Though he now lives in Bay Ridge, a nice neighborhood with a slightly suburban feel, Scotto soon discovered his heart had always belonged to his hometown of Carroll Gardens. His children would move there of their own accord when they got older.
“I decided that I was going to do what I could to convince the Italian-American community in Carroll Gardens that they did not have to flee to the suburbs, that we could improve conditions here in what we now call Carroll Gardens,” said Scotto, who formed the Carroll Gardens Association in 1964.
He made it his mission to clean up the filthy and foul-smelling Gowanus Canal. In 1975, he secured $458 million from the federal government to build the Red Hook Water Treatment Plant.

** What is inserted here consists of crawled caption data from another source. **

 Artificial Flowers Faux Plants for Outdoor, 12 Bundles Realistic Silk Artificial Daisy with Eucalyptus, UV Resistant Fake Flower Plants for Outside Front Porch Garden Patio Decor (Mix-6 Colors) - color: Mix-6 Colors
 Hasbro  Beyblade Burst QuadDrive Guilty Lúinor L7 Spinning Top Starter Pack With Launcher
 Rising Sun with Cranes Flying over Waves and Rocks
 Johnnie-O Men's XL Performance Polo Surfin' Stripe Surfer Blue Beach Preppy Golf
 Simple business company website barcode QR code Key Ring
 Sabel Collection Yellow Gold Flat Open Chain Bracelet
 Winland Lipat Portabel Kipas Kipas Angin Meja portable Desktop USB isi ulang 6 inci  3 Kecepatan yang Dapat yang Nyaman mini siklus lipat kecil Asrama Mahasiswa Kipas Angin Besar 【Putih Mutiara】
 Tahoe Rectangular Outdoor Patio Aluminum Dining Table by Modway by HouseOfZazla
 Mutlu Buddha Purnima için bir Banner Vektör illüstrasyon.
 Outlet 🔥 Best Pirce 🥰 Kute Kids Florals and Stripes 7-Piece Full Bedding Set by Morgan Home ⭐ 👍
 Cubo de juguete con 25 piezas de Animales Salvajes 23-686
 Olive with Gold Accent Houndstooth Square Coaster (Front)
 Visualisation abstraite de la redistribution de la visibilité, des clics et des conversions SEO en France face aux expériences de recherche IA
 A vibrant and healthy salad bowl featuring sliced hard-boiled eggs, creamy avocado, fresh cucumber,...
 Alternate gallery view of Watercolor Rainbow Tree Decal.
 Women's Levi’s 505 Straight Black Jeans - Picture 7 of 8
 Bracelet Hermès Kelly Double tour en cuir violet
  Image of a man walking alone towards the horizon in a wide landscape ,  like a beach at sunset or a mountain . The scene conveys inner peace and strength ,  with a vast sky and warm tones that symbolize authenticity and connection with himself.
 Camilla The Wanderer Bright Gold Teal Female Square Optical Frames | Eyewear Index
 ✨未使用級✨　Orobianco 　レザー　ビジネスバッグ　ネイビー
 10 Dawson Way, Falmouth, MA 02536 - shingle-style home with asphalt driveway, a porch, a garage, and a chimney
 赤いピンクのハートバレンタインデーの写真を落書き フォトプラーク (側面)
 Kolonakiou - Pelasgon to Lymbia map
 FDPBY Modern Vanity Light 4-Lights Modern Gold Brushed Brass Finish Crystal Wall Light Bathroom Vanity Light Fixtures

He co-founded the Gowanus Canal Community Development Corporation, an organization funded by the Department of Housing & Community Renewal, in 1978.
Scotto couldn’t be happier that the Gowanus Canal is now clean enough to actually have fish swimming in it, but his dream isn’t complete yet. Development along the canal still faces fervent opposition.
“It’s very difficult for me to understand how people could possibly be against development in this day and age, when we’re in the throes of a recession, that people were scared stiff we were going into a depression,” said Scotto. “We need economic development.”
Nonetheless, private developers are eager to move in. Scotto said the developers are waiting for Toll Brothers to begin building.
“We will continue to fight to support the developers in going in there and turning the neighborhood of the Gowanus Canal into a neighborhood that we can be proud of instead of being embarrassed over,” said Scotto.